Tutorials¶
This section provides comprehensive tutorials for using DeepLens.
Tutorial Series¶
The DeepLens repository includes several tutorial scripts that cover different aspects of the library:
Script |
Description |
|---|---|
|
Introduction to DeepLens basics: loading lenses, ray tracing, PSF calculation, and image rendering |
|
End-to-end lens optimization with vision tasks |
|
Automated lens design using curriculum learning |
|
Training neural surrogate models for fast PSF prediction |
|
Task-specific lens design for image classification |
|
Pupil and field analysis |
|
Hybrid refractive-diffractive lens design |
|
Computational photography applications |
Tutorial 1: Loading and Analyzing Lenses¶
Loading Lens Files¶
DeepLens supports multiple lens file formats:
from deeplens import GeoLens
# Load from JSON format
lens = GeoLens(filename='./datasets/lenses/camera/ef50mm_f1.8.json')
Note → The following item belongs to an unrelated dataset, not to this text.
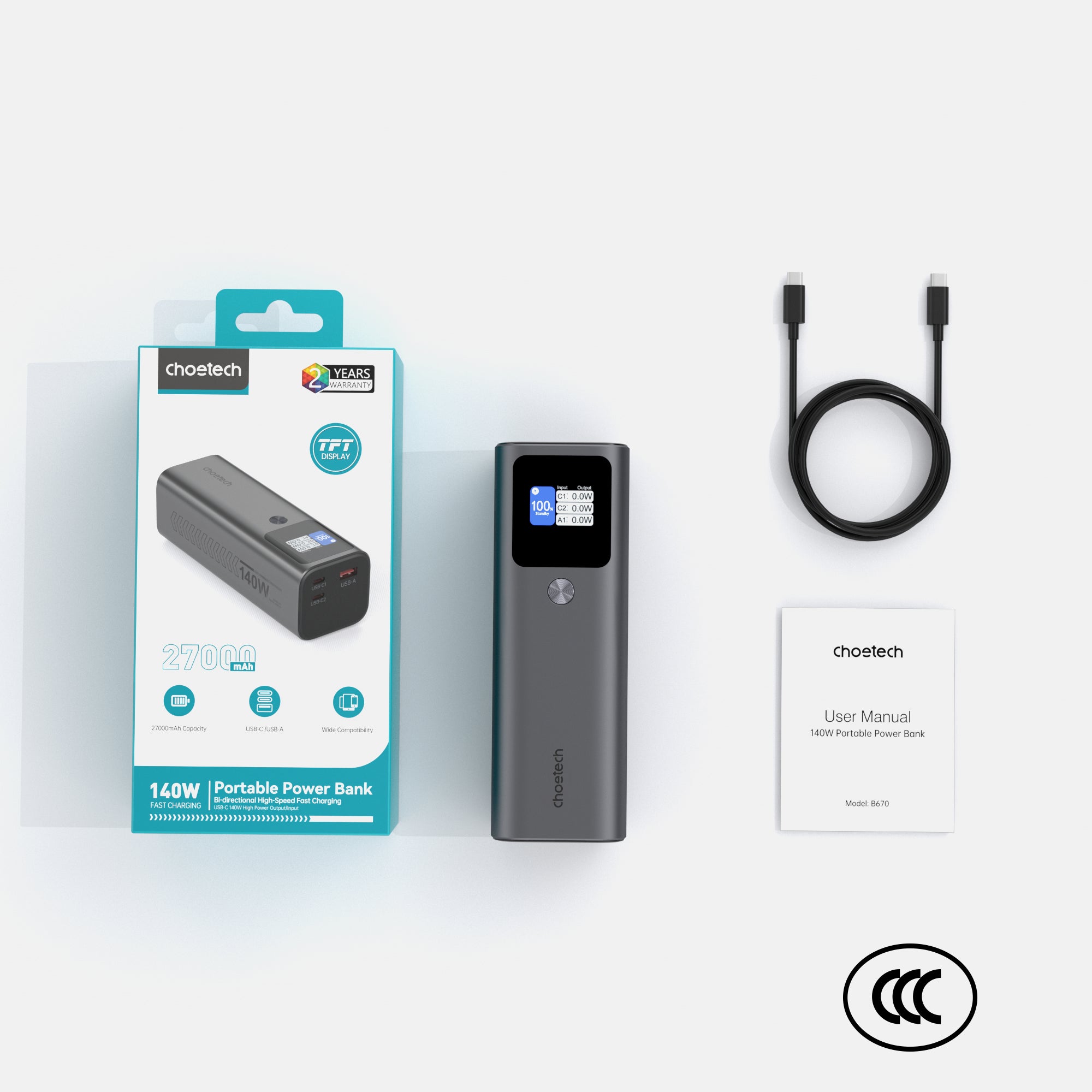 Choetech PowerLeap 27000mAh 140W Digital Display Multi-Laptop Power Bank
# Load from Zemax format (.zmx)
lens = GeoLens(filename='./datasets/lenses/zemax_double_gaussian.zmx')
Lens Properties¶
Access key lens properties:
import math
print(f"Focal length: {lens.foclen:.2f} mm")
print(f"F-number: {lens.fnum:.2f}")
# Compute entrance pupil diameter from pupil parameters
_, entr_r = lens.get_entrance_pupil()
print(f"Entrance pupil diameter: {2 * entr_r:.2f} mm")
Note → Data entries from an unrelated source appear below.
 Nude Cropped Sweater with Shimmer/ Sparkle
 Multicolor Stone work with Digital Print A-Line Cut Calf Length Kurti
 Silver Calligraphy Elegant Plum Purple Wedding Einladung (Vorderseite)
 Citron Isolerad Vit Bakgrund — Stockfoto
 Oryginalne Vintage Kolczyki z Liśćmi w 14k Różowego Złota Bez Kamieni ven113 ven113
print(f"Horizontal FoV: {math.degrees(lens.hfov):.1f} deg")
print(f"Number of surfaces: {len(lens.surfaces)}")
Visualization¶
Visualize the lens system:
# 2D layout with ray tracing
lens.draw_layout(filename="layout.png", depth=float("inf"))
# 3D visualization (saved to directory)
lens.draw_lens_3d(save_dir="./vis3d")
Tutorial 2: Ray Tracing¶
Creating Ray Bundles¶
Different ways to create rays:
# 2D parallel rays (for layout/on-axis analysis)
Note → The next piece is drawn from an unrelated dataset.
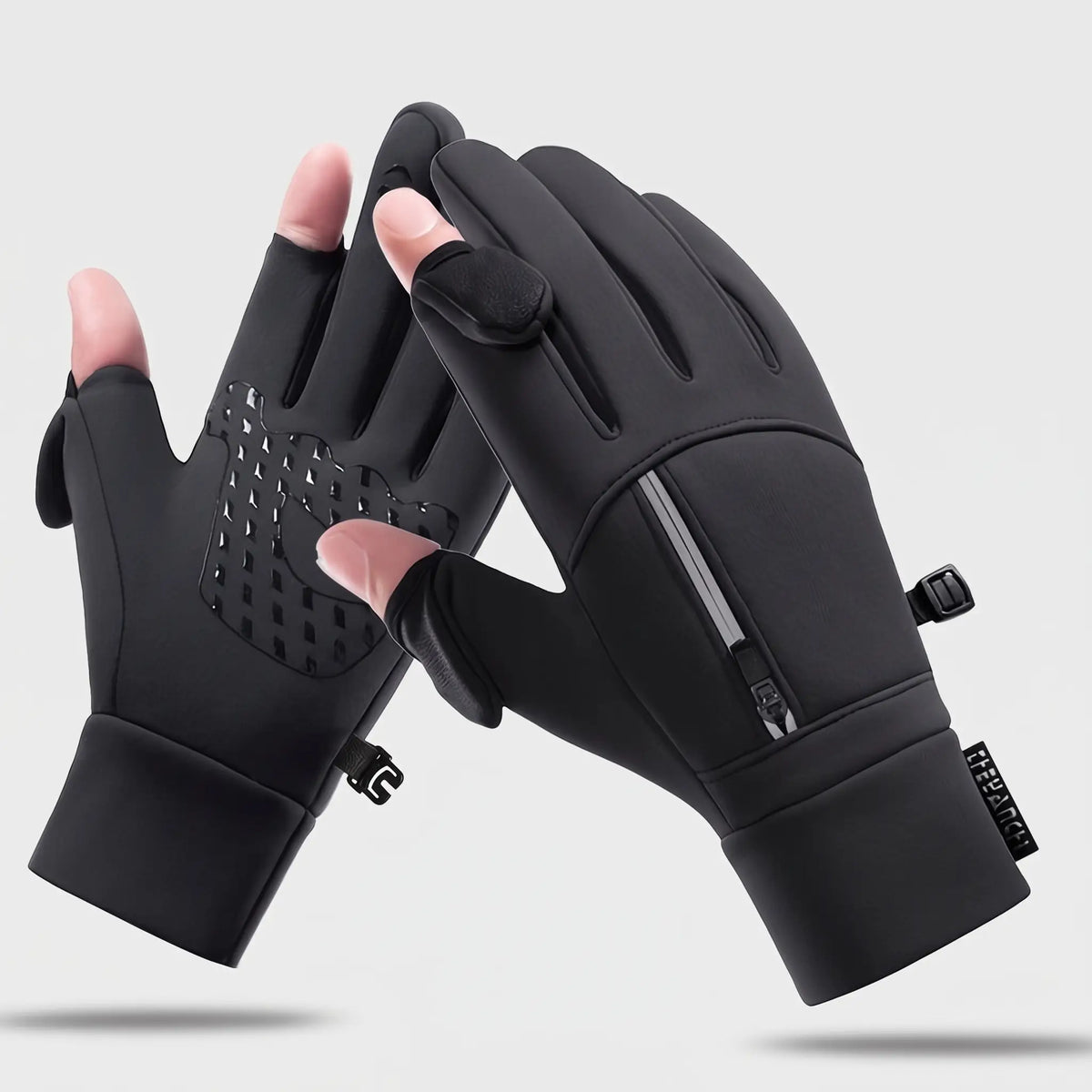 Rękawiczki zimowe – wędkarskie - odchylane opuszki - softshell z polarem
ray = lens.sample_parallel_2D(fov=0.0, num_rays=11, plane="sagittal")
# 3D parallel rays (for geometric analysis)
ray = lens.sample_parallel(fov_x=0.0, fov_y=0.0, num_rays=1024)
# Point source rays (object at 1 m; object-space depths are negative)
ray = lens.sample_point_source(fov_x=0.0, fov_y=0.0, depth=-1000.0, num_rays=2048)
# Rays from absolute 3D points in object space
ray = lens.sample_from_points(points=[[0.0, 0.0, -10000.0]], num_rays=2048)
Ray Tracing¶
Trace rays through the lens:
# Trace (returns output rays and optional intersection records)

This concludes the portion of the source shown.